J’apprécie que vous ayez pris le temps de vous expliquer un peu mieux M. Lapierre. Vos précédentes interventions me donnaient l’impression de quelqu’un qui débarquait ici en venant « cracher sur mon perron » (lire le commentaire #2 de ce billet).
Je vais relire attentivement, mais spontanément, j’aurais le goût de vous dire qu’il y a un programme de formation prescriptif dans les mains d’un enseignant dans ce contexte du renouveau. Je comprends ce que vous avez voulu dire dans le paragraphe où vous expliquez qu’on ne peut pas attendre indéfiniment qu’un apprenant s’intéresse au programme pour lui enseigner. Je suis d’accord avec cela.

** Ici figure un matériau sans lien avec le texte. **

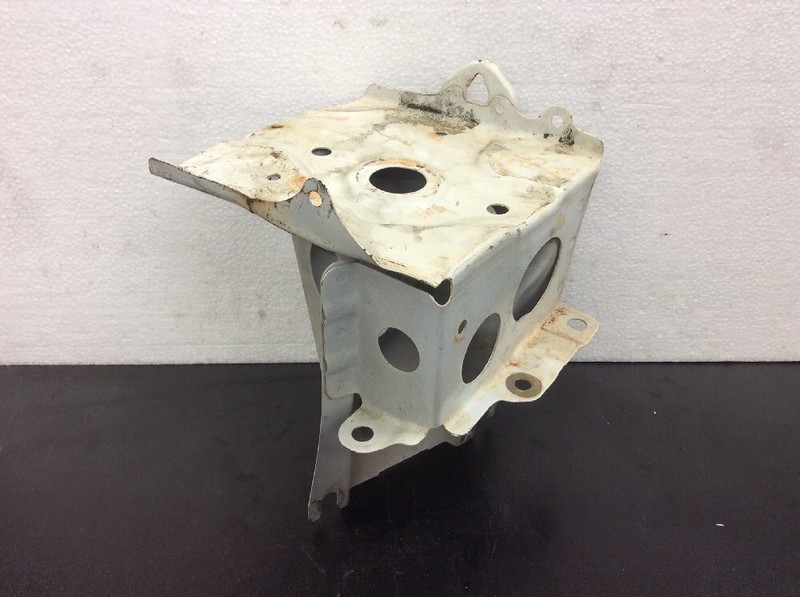02 03 04 05 06 Honda CR-V Battery Setting Base Support Tray Bracket Holder OEM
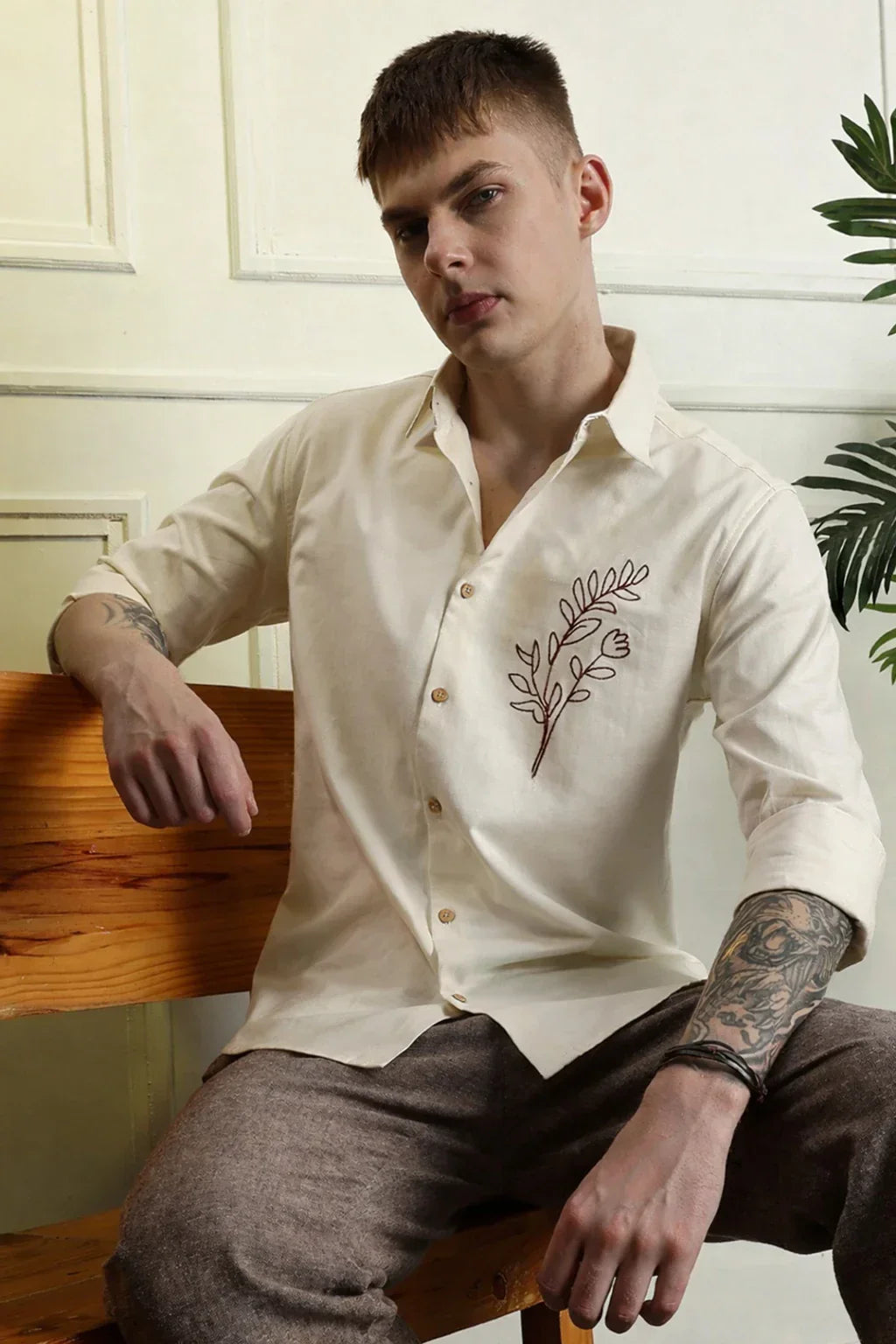Men Regular Fit Floral Print Spread Collar Casual Shirt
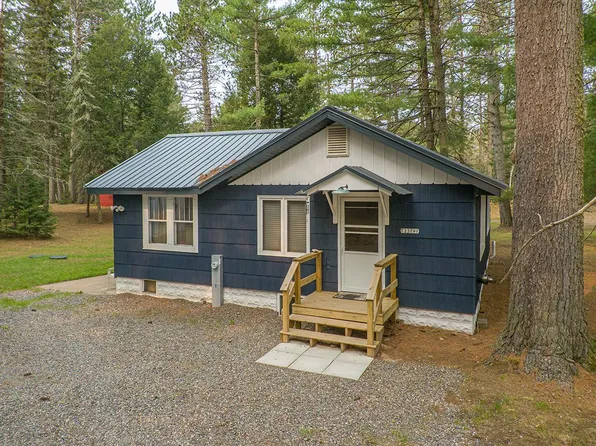 23791 E Crystal Lake Rd, Watersmeet, MI 49969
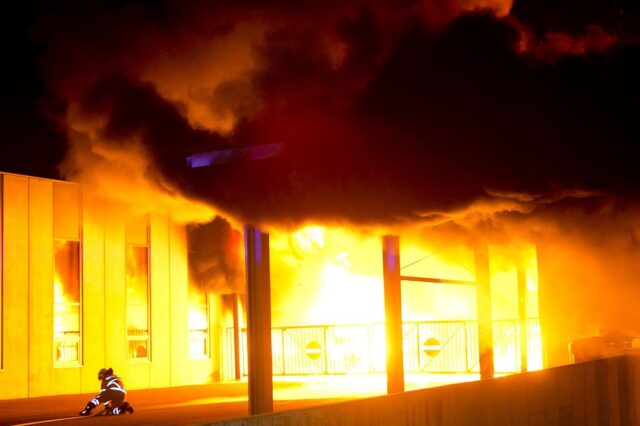 Einsatz 001 - Brederis, Schweizer Straße, Kunert Industriepark - Brand Lagerfläche > Großbrand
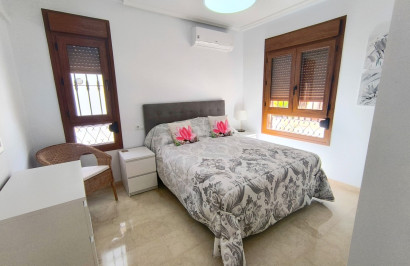 Herverkoop - Vrijstaande villa - Algorfa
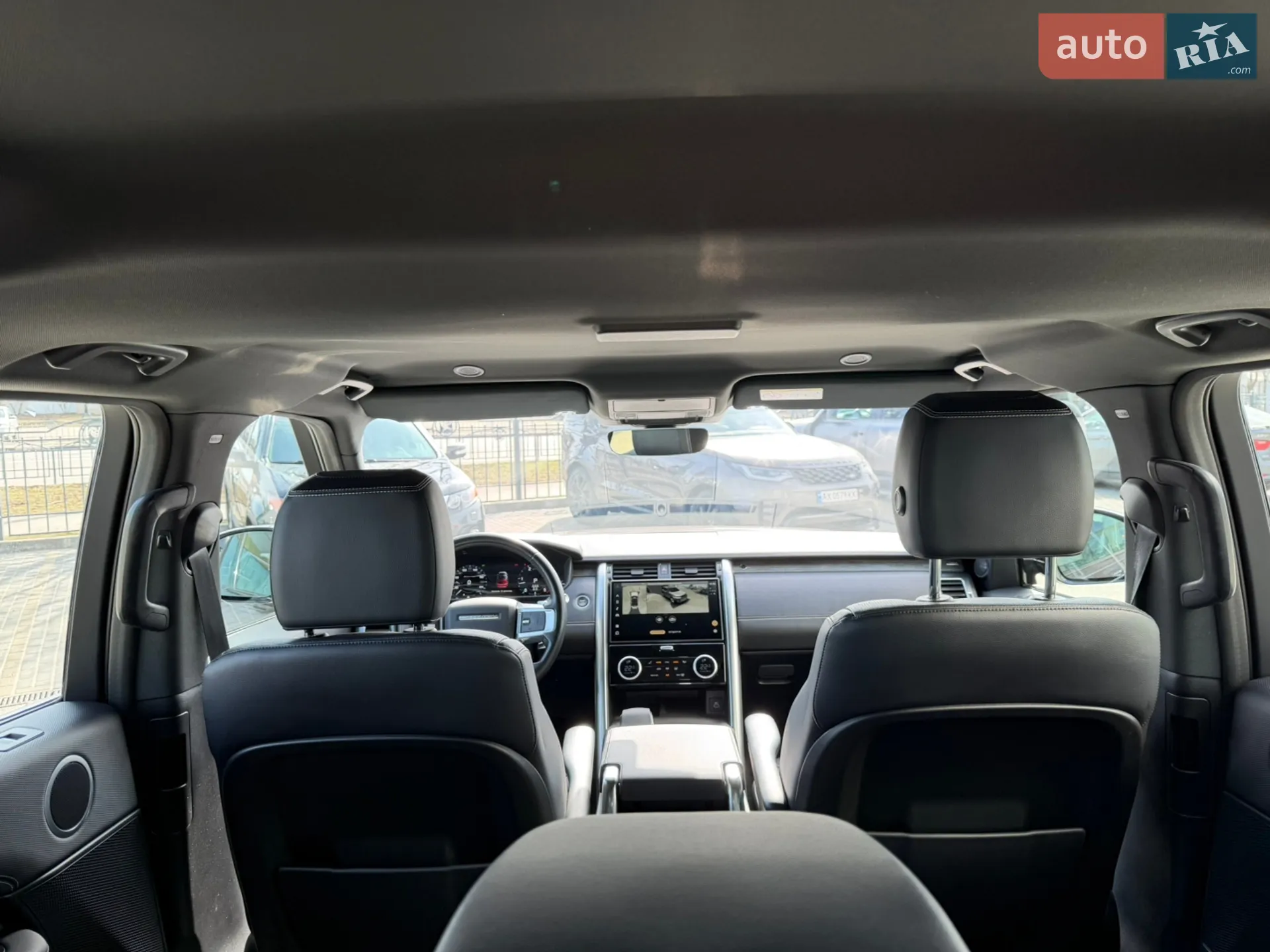 2021 Land Rover Discovery - мініатюра 29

Les trois fondements « philosophiques » que vous présentez comme étant « ce que vous pensez en savoir » teintent fortement le reste de votre argumentation et je comprends mieux que vous vous désoliez. J’ai été directeur d’une école qui s’est appropriée la réforme très tôt et si on m’avait présenté les fondements de ce que j’allais faire vivre de cette façon, je crois que j’aurais décroché rapidement.

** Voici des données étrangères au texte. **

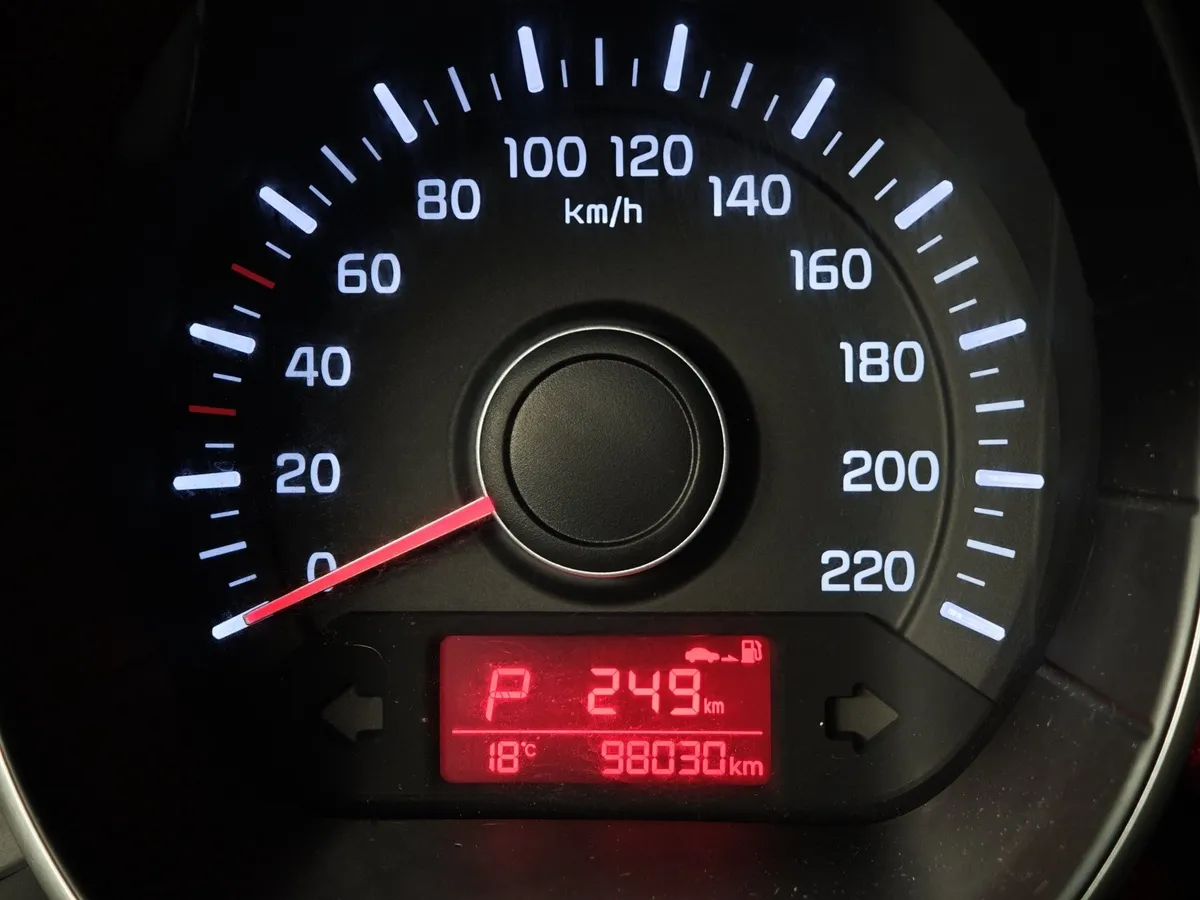 Kia Rio 1.6 AT (123 л.с.) Серебристый в АВИЛОН. Слайд №16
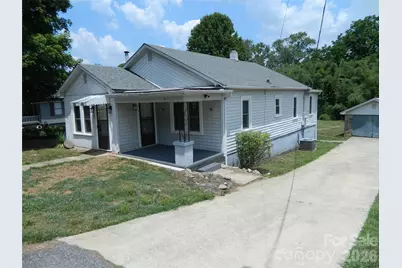129 Edgebrook Place NW, Lenoir, NC 28645 - Photo 1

Je suis ravi que vous preniez tout ça sérieusement… Mon expérience de travail dans le contexte de la réforme m’a amené à voir que le socioconstrucitivisme n’était PAS la seule base théorique acceptable à considérer, qu’il fallait continuer d’expliquer, que les disciplines scolaires gardaient chacune leur importance et que l’important était de respecter l’autonomie pédagogique des enseignants. Je crois moins au bourrage de crâne qu’aux diverses stratégies disponibles pour faire apprendre aux individus qui ne sont pas tous semblables et qui ne peuvent apprendre en même temps les mêmes choses. La différenciation pédagogique m’inspire beaucoup et je n’ai pas l’impression que notre avenir professionnel passe par l’échange du titre « d’enseignant » pour celui « d’aidant » même si je crois que la fonction « aide à l’apprentissage » doit davantage faire partie de nos préoccupations que celle de faire le tri social après avoir déversé le contenu du programme sans bien considérer celui qui doit faire l’effort (j’ai bien dit effort) d’intégrer ce qu’on lui propose!
Merci de conserver une certaine ouverture comme vous l’avez fait dans les interventions # 25 et 26.